Le numéro un de la guérilla colombienne des FARC, Timochenko, a annoncé avoir donné l’ordre à ses troupes de «suspendre» l’instruction militaire pour se consacrer désormais à la «formation politique et culturelle», dans le cadre du processus pour mettre fin au conflit armé.

Le dirigeant de la principale guérilla du pays a fait cette annonce dans un message envoyé mercredi soir sur son compte Twitter et adressé au président colombien Juan Manuel Santos.

Timochenko n’avait pas utilisé son compte Twitter, où il compte 13,1 millions d’abonnés, depuis le 4 novembre 2012, 15 jours avant l’ouverture de négociations de paix à Cuba entre les Forces armées révolutionnaires de Colombie (FARC, marxistes) et le gouvernement.

Ces négociations ont connu un coup d’accélérateur la semaine dernière avec l’annonce d’un accord judiciaire, pierre angulaire d’un accord de paix définitif qui devrait être signé d’ici six mois.

Pour sceller cette étape, M. Jiménez, qui vit dans la clandestinité en raison de ses poursuites pour terrorisme notamment, comme M. Santos se sont déplacés à Cuba, une rencontre inédite entre les deux hommes.

Mais si la Colombie entrevoit la fin d’«une longue nuit», selon son président, il lui reste encore des obstacles à franchir.
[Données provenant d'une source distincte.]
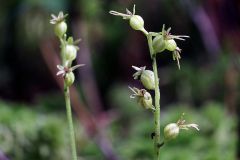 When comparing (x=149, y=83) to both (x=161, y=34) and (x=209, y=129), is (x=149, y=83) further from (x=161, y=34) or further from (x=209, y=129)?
(x=209, y=129)

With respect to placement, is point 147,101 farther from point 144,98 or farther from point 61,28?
point 61,28

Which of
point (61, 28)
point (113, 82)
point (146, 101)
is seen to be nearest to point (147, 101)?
point (146, 101)

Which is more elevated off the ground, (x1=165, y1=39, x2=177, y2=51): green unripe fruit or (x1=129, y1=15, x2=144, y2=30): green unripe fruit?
(x1=129, y1=15, x2=144, y2=30): green unripe fruit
Car, bien qu’acteur majeur du conflit, les FARC, créées en 1964 et qui comptent encore 7000 combattants, ne sont pas les seules forces non gouvernementales à y être impliquées.

Au fil des décennies, se sont en effet affrontés guérillas d’extrême gauche réclamant une plus juste répartition des terres, paramilitaires d’extrême droite défendant les grands propriétaires et forces armées, sur fond d’intense trafic de cocaïne, dont la Colombie est le premier producteur mondial.